Staying or Leaving

Lessons from Jobs-Plus About the Mobility of Public Housing Residents and Implications for Place-Based Initiatives


Resident mobility can potentially influence the success of place-based self-sufficiency initiatives. Yet, relatively little is known about these patterns, especially among residents of public housing. This dearth of information makes it difficult to implement and evaluate programs that seek to address the self-sufficiency barriers of residents of low-income communities. This paper begins to fill this knowledge gap by examining the intended and actual out-migration patterns of a cohort of residents of five public housing developments participating in the Jobs-Plus Community Revitalization Initiative for Public Housing Families ("Jobs-Plus"for short), a multisite initiative to raise residents' employment outcomes.

The baseline survey and public housing authority administrative records data gathered for the Jobs-Plus evaluation offer a unique opportunity for an unusually detailed analysis of public housing mobility. Jobs-Plus targeted residents living in public housing developments characterized by concentrated joblessness and welfare receipt, and the findings from this paper should be viewed within this context. Drawing on a sample of 1,123 nondisabled, nonelderly household heads who completed a baseline survey before the implementation of Jobs-Plus, this paper attempts to draw insights about resident mobility in places frequently targeted by community initiatives by examining these key questions: Do public housing residents move a great deal? Do they want to move? And what factors differentiate the movers from the stayers?

Key Findings

  • A significant proportion of residents (29 percent) moved out of the Jobs-Plus developments within two years of completing the baseline interview in 1997. The tendency to move varied considerably across the five Jobs-Plus developments, ranging from a high of 44 percent in Day-ton's De Soto Bass Courts to a low of 16 percent in Los Angeles's William Mead Homes.


  • Expectations of moving out ran very high among Jobs-Plus residents. Counter to the expectations, fewer than half of those intending to move were able to make that transition during the two-year follow-up period for this paper.

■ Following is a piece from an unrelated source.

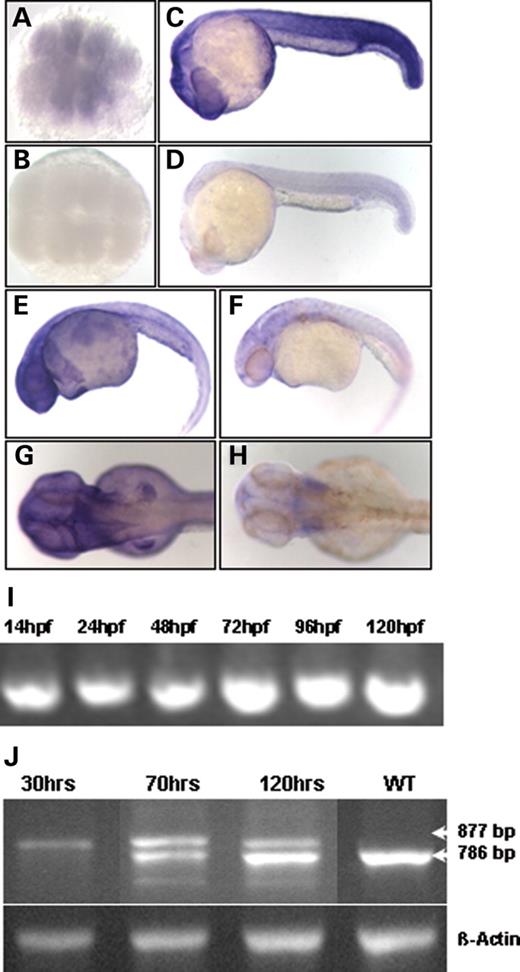 Figure 1. Zebrafish bbs expression is ubiquitous, and splice-block MO results in an altered transcript. Temporal and spatial expression of bbs7 analyzed by WMISH with antisense in (A) 16-cell, (C) 24 h.p.f., (E) 36 h.p.f. and (G) 48 h.p.f. stages and sense controls in (B) 16-cell, (D) 24 h.p.f., (F) 36 d.p.f. and (H) 48 h.p.f. stages. Animal pole view in (A) and (B), lateral view, anterior to the right in (C–H). (I) bbs7 developmental profile by RT–PCR from 14 to 120 h.p.f. (J) RT–PCR products from bbs7 splice-block MO-injected embryos. cDNA libraries were made from a pool of 10 embryos at 30, 70 and 120 h.p.f. The endogenous wild-type band migrates at 786 bp and the altered transcript at 877 bp. Bottom lane shows the β-actin control amplification.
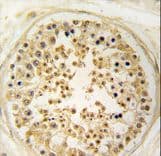 Polyclonal Rabbit anti-Human KIAA1970 / EARS2 Antibody (aa495-523, IHC, WB)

  • On average, the typical "mover" had lived in a Jobs-Plus development for less than six years, and compared to residents who stayed, was less likely to report employment barriers, and was more likely to express dissatisfaction with the social and physical conditions in the development and the neighborhood at large. Movers were also more likely to report having experienced epi-sodes of crime and violence.


  • Economic self-sufficiency (that is, having access to savings and not receiving public assistance), concerns about keeping children engaged in constructive activities, and experiences of violence are key predictors of the probability of moving out.

The above findings have broad relevance for community initiatives, which have become an increasingly popular approach for addressing spatially concentrated poverty and unemployment. Given the mobility dynamics of residents of poor neighborhoods and public housing developments, program staff and evaluators will need to pay special attention to both the levels of mobility experienced in potential target areas and the types of residents moving out and understand the implications of such mobility for generating program-related positive spillovers for the community.


Verma, Nandita. 2003. Staying or Leaving. New York: MDRC.